Here I am thinking “oh, maybe I’ll get a little water sprayed on me” and “oh, maybe a little wind or fog action.” What I actually received was a two-hour motion ride starting with the trailer to Thor: Love and Thunder. Almost lost a shoe. There wasn’t a seatbelt, but there I was getting thrown up in the air by an armed chair, punched in the back for reasons that did not match the action on the screen, and out of the blue getting blasted with wind from my headrest and leg rest. I took my parents to this - I don’t know if they can even recall the plotline, but it was by far the best movie theater experience of the year for me.

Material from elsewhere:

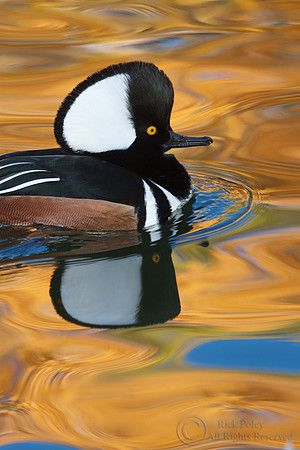 Male Hooded Merganser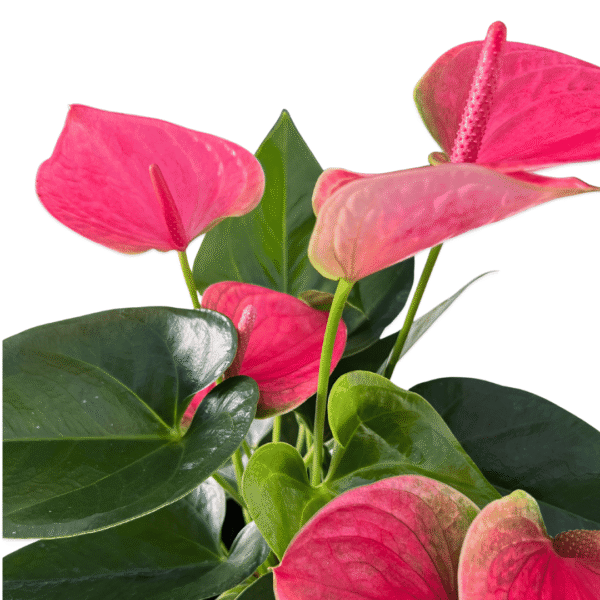 Anthurium plant with glossy green leaves and bright red, heart-shaped flowers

This cinematic masterpiece follows a child-sized 1970s Gru (Steve Carell) in his early quest to become the most fabulous supervillain - by joining the notorious Vicious 6. The Vicious 6 have kicked their former leader, Wild Knuckles (Gru’s favorite), to the curb and are taking evil applicants. Gru is confident as hell. No need for any more Minions - they’re fired. What high-league villain needs a good support system? Unfortunately, it turns out that he got to the interview stage by accident, and the Vicious 6 make fun of him (a 12-year-old with a combover) and tell him his supervillain dream is shit. To get back at them, Gru steals a medallion from the Vicious 6 which leads to a nationwide chase. Wild Knuckles kidnaps Gru to get the medallion, but things go awry when Wild Knuckles realizes Gru doesn’t have it - a Minion named Otto lost it. If the Minions can’t get Wild Knuckles the medallion in just a couple of days, Gru will be killed.
Kevin, Stuart (Capricorn), and Bob make their way to San Francisco to save Gru, getting trained by Master Chow (Michelle Yeoh) along the way. However, Gru strikes up a friendship with Wild Knuckles whose own minions have just abandoned him. The scene where Otto is tricycling across the country combined with the 4DX chair trying to launch me into the next dimension is now a core memory.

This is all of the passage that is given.